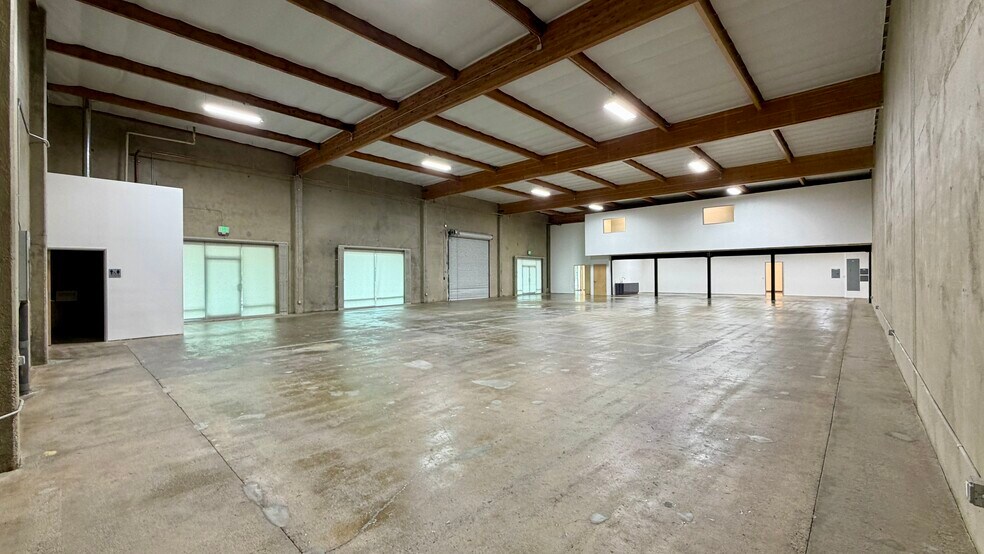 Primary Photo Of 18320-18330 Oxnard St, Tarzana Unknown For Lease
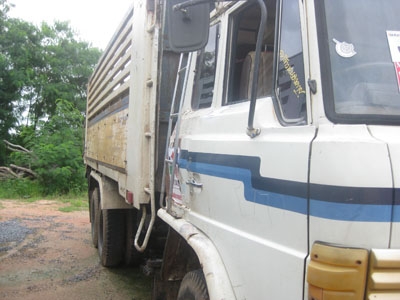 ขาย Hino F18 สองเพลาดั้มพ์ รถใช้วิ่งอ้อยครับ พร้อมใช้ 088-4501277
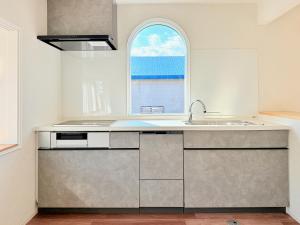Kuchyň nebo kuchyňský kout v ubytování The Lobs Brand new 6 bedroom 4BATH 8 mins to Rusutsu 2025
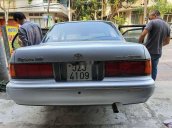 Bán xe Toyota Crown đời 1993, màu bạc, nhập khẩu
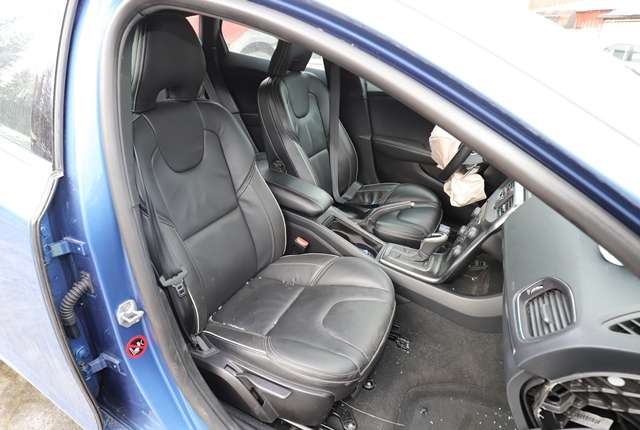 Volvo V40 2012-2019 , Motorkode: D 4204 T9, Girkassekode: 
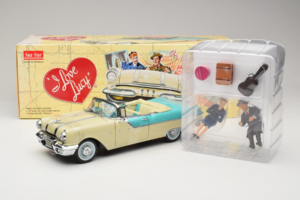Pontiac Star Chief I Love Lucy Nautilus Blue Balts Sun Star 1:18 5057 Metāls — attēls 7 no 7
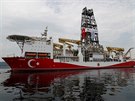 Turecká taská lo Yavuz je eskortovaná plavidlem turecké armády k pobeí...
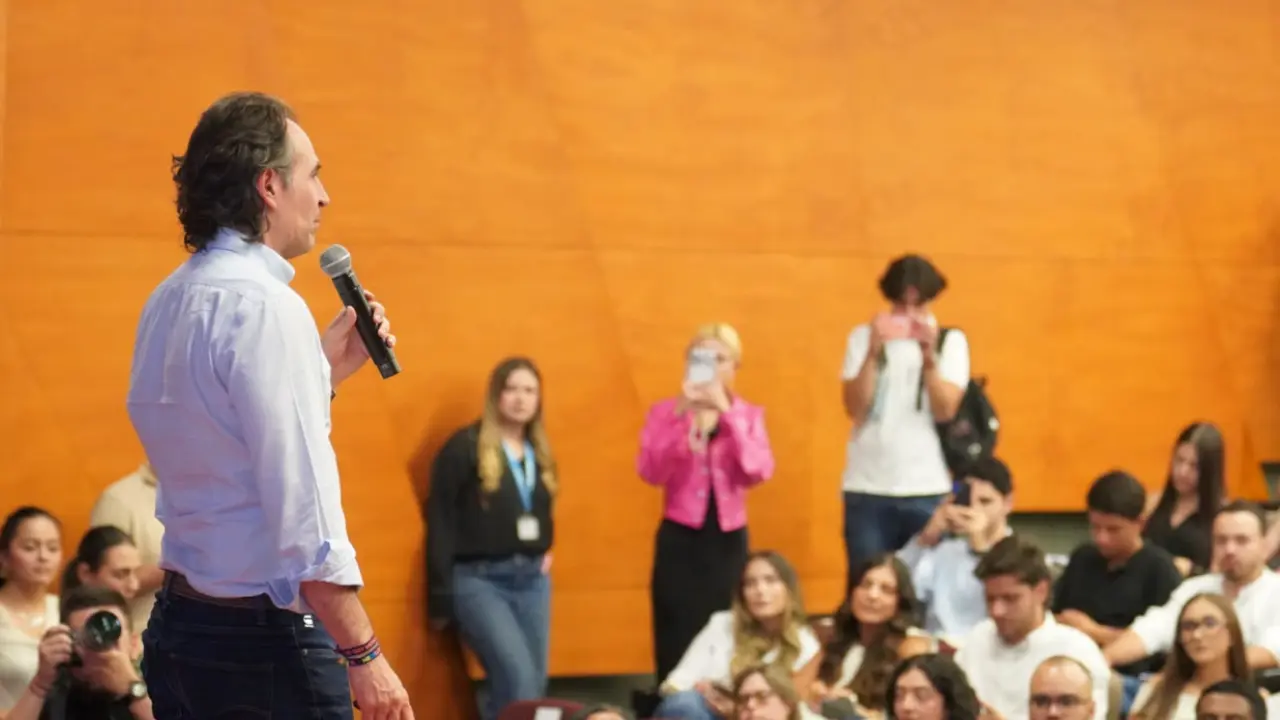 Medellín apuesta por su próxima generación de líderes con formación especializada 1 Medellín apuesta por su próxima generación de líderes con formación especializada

*TASK GOAL*
The lines from the one holding "Pontiac Star Chief" to the final line of the entries are to be duplicated exactly, and the pictures are to be left out.

*YOUR RESPONSE*
Pontiac Star Chief I Love Lucy Nautilus Blue Balts Sun Star 1:18 5057 Metāls — attēls 7 no 7
 Turecká taská lo Yavuz je eskortovaná plavidlem turecké armády k pobeí...
 Medellín apuesta por su próxima generación de líderes con formación especializada 1 Medellín apuesta por su próxima generación de líderes con formación especializada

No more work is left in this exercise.